The first network broadcasts started fifty-four years ago, in 1940. The transmission bands were simply given to the networks for nothing, like mining rights on state lands. They amounted to a gigantic and permanent government subsidy to commercial television, since the airwaves ought rightly to be viewed as common public property: a fact worth bearing in mind the next time one hears some tribune of the people in Washington complaining about congressional subsidies for “elitist” (i.e., noncommercial) broadcasting. This momentous gift came wrapped in fine phrases about public service and cultural standards, but not a lot was done to ensure such service or enforce such standards, because there weren’t any; you might as well have been talking about spotted owls during the mineral and railroad booms of the 1870s.

Network television was seldom imagined as much more than a delivery system for advertising. In its first twenty years or so, American network TV did make gestures of responsibility toward the wider culture, because its owners felt it ought to. It is interesting, for instance, to run the tapes of Leonard Bernstein’s series of concerts and lectures for Omnibus that aired on CBS between 1954 and 1956 and reflect how inconceivable it is that a set of ninety-minute programs on classical music could ever be run on network prime time today. No commercial channel in America could contemplate treating its audience as though it were intelligent enough to enjoy Bernstein. It would seem like ratings-suicide.

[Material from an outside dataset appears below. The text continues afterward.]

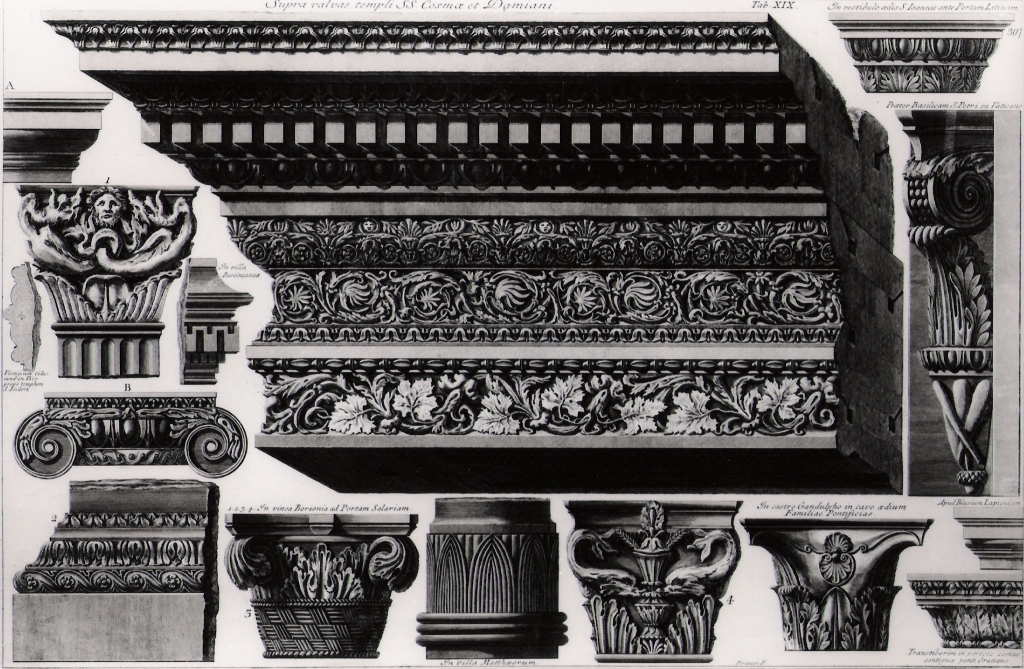 trabeazioni, capitelli e frammenti ornamentali (stampa) di Piranesi Giovanni Battista (prima metà sec. XX)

You cannot watch network TV without being shouted at, every two minutes, to buy something. This saturation is so extreme by now that some dyspeptic critics feel that commercials are the actual content of network television. And they may be right, if you agree that the main purpose of network television is to create a fictive paradise of desire to which quotidian reality is merely a backdrop, a world rearranged in such a way that we don’t have to experience it. In this paradise, information slowly gives way to “infotainment” and events are continually altered by the imperatives of television editing. For most members of a vast audience, an audience far greater than print can claim, TV has taken over their image banks, their modes of social expression. It generates the icons to which they look and the forms of homage they pay to them. And yet there are many things TV cannot do.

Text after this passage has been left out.